O longa sobre a ditadura militar no país, concorria também em mais duas categorias

O filme, dirigido por Walter Salles, recebeu a primeira estatueta do país na badalada premiação, realizada pela Academia de Artes e Ciências Cinematográficas, no Dolby Theatre, em Hollywood , considerada uma das mais importantes do mundo. O longa concorreu também às categorias de melhor filme e melhor atriz, pela atuação de Fernanda Torres.
“Ainda estou aqui” acumulou mais de 40 prêmios, incluindo melhor roteiro no festival de Veneza e o de melhor atriz para Fernanda Torres no Globo de Ouro.
Ao receber a estatueta, Walter Salles celebrou o cinema nacional.

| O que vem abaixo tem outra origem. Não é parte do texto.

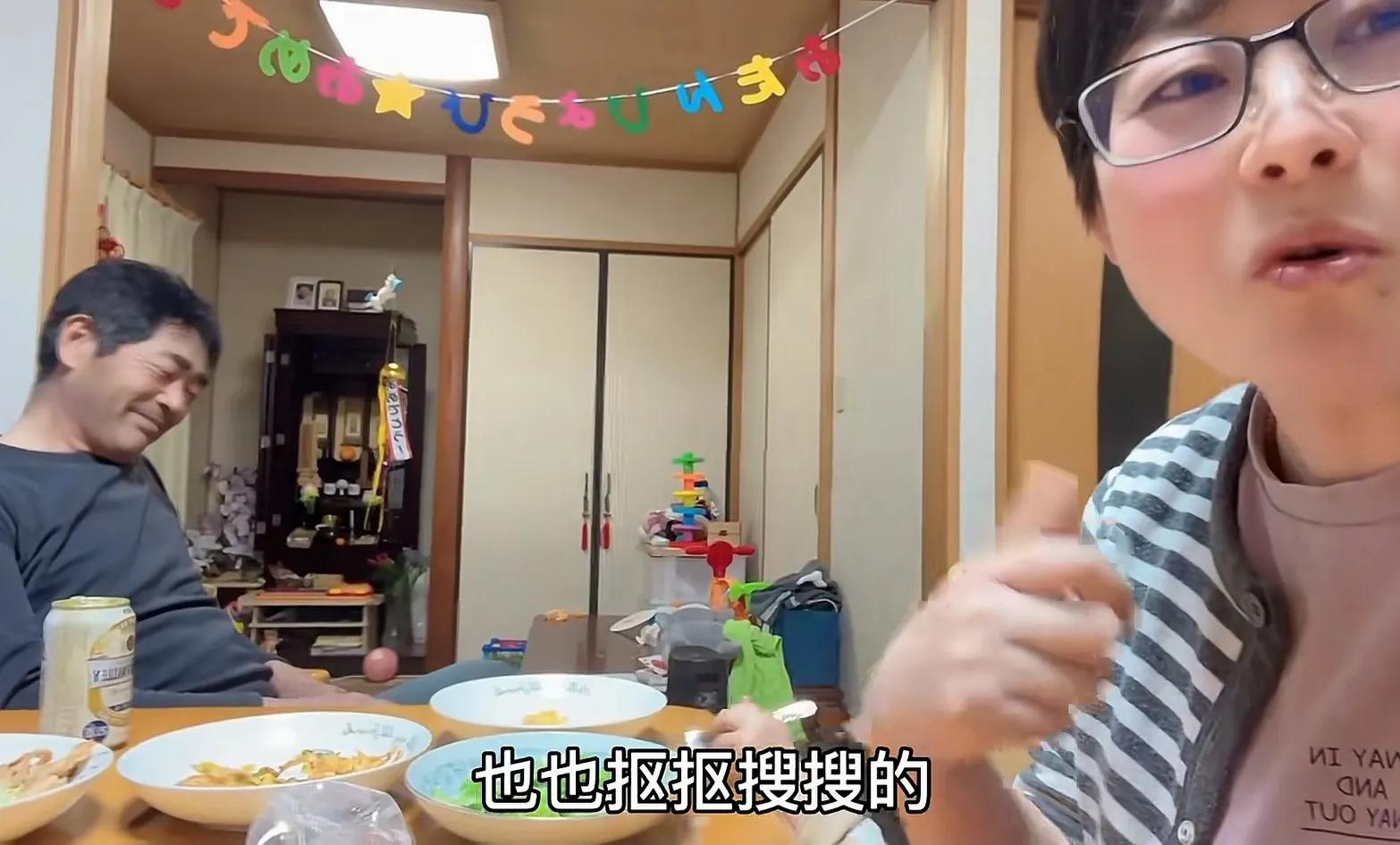 玉酱被日本大阪品牌商邀请，玉酱说女人得自力更生，有钱才任性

“Em nome do cinema brasileiro, é uma honra tão grande receber isso de um grupo tão extraordinário. Isso vai para uma mulher que, depois de uma perda tão grande em um regime tão autoritário, decidiu não se dobrar e resistir. Esse prêmio vai para ela, seu nome é Eunice Paiva. E também vai para as mulheres extraordinárias que deram vida a ela. Fernanda Torres e Fernanda Montenegro.”

A vitória reflete o reconhecimento do cinema brasileiro, e da américa latina, no cenário global, que reconheceu também as excelentes atuações de Fernanda Torres e Fernanda Montenegro.

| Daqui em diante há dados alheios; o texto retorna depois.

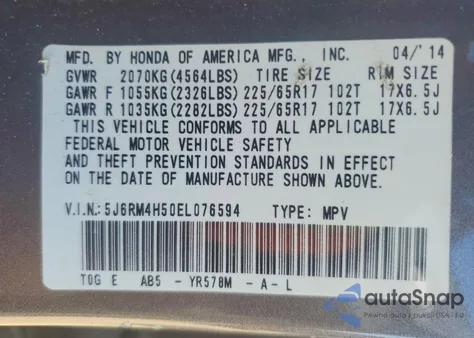 2014 Honda Cr-V Ex из США, поврежденный, VIN 5J6RM4H50EL076594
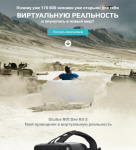 Почему 170000 человек уже открыли виртуальную реальность?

Carlos Gerbase, sócio-diretor da Prana Filmes e roteirista gaúcho, explica que o Oscar é um prêmio da indústria cinematográfica dos Estados Unidos, com milhares de votantes, em sua maioria, americanos. Diferente dos grandes festivais, como Cannes, Veneza, Toronto, Sundance e Berlim, que premiam através de um júri, quase sempre internacional, e portanto subjetivo.”O Oscar representa uma chancela de Hollywood para o nosso cinema. É muito importante. E é para poucos, pois envolve muito dinheiro e muito poder”, afirma Gerbase.

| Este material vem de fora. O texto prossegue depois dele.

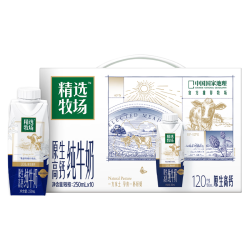 蒙牛 精选牧场原生高钙纯牛奶 250ml*10盒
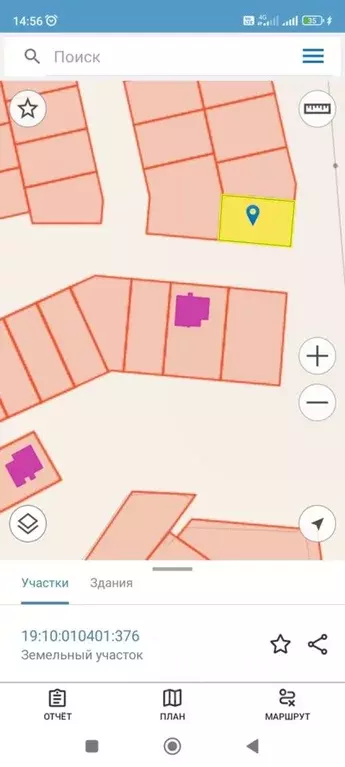 Участок в Хакасия, Усть-Абакан рп ул. Трактовая, 1 (6.0 сот.) - Фото 1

O diretor e roteirista explica ainda que, “Ainda estou aqui” se distingue pelo seu roteiro. Em uma comparação com outros dois filmes que concorreram na mesma categoria, “A garota da agulha” e “A semente do figo sagrado”, “‘Ainda estou aqui’ é bem superior a estes dois, pois não recorre a alguns esquemas melodramáticos pesados demais e não é didático (no mau sentido do termo), como é ‘A semente do figo sagrado’, nem tenta emocionar o espectador com gatilhos bem manjados”, destaca Gerbase.
“Ainda estou aqui” aborda o desaparecimento do político Rubens Paiva durante a ditadura militar e retrata a história de uma família que é obrigada a reinventar-se em meio a um regime autoritário e violento. O enredo é baseado no livro escrito pelo filho do parlamentar, Marcelo Rubens Paiva. Viúva desde 1973, Eunice Paiva ingressou na faculdade de Direito, sua atuação foi fundamental na Constituinte de 1988 defendendo a autonomia dos povos indígenas.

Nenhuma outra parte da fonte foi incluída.